About this task >> From the listing below, reproduce exactly the lines starting with the one with "Delavci Javorjevih hčerinskih" and going on through the one with "vrnili na delo.", both ends kept. No picture is copied.

Data to process >>
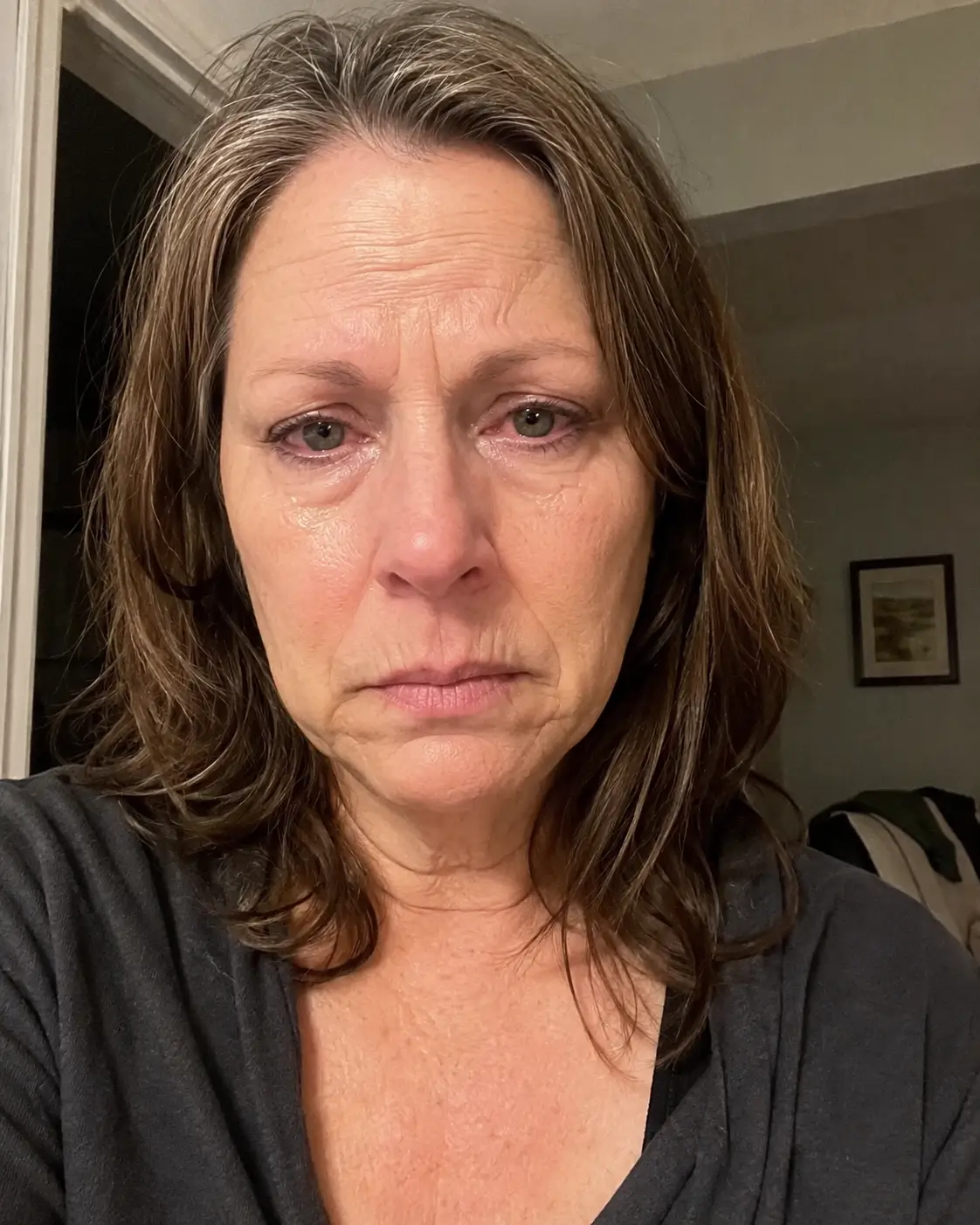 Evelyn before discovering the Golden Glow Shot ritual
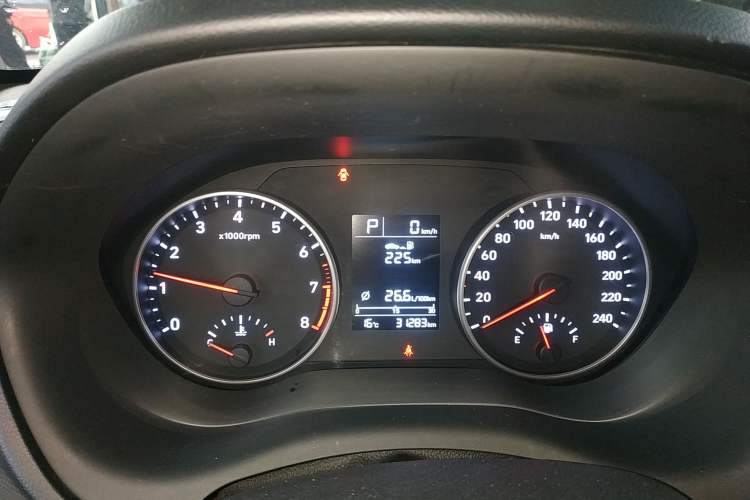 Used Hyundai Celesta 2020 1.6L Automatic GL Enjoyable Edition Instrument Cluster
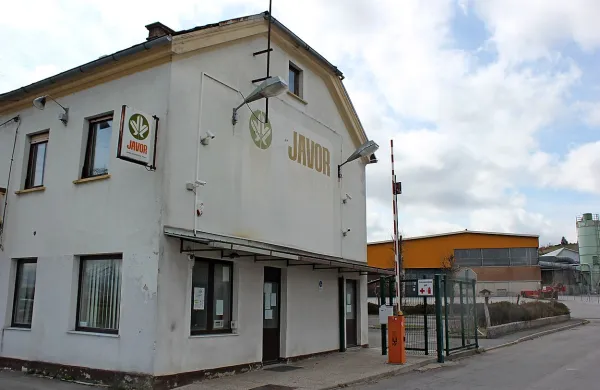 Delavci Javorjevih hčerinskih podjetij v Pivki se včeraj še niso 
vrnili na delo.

--

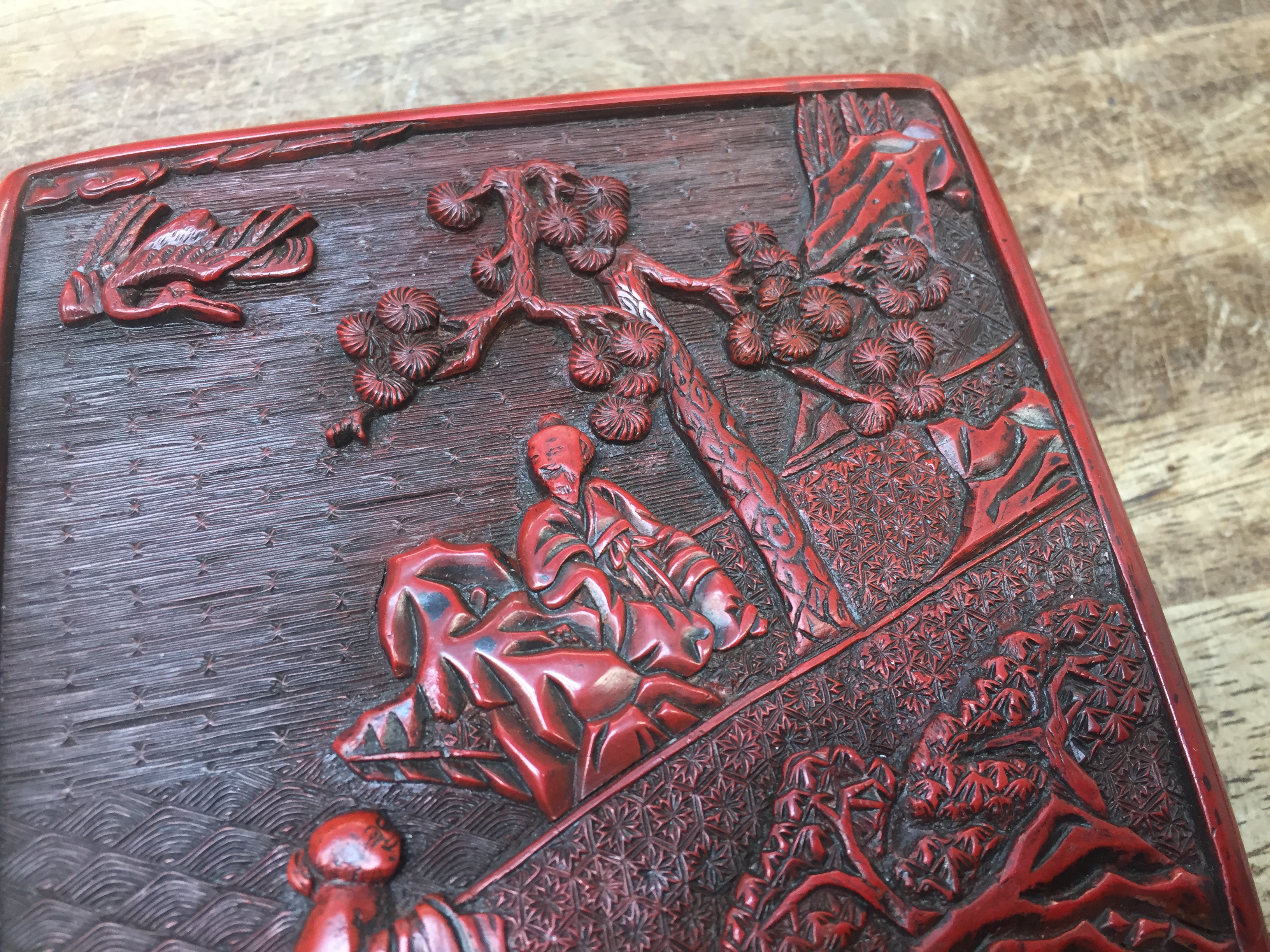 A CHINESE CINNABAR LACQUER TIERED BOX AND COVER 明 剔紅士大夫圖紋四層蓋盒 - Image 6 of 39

Response to this task >>
 Delavci Javorjevih hčerinskih podjetij v Pivki se včeraj še niso 
vrnili na delo.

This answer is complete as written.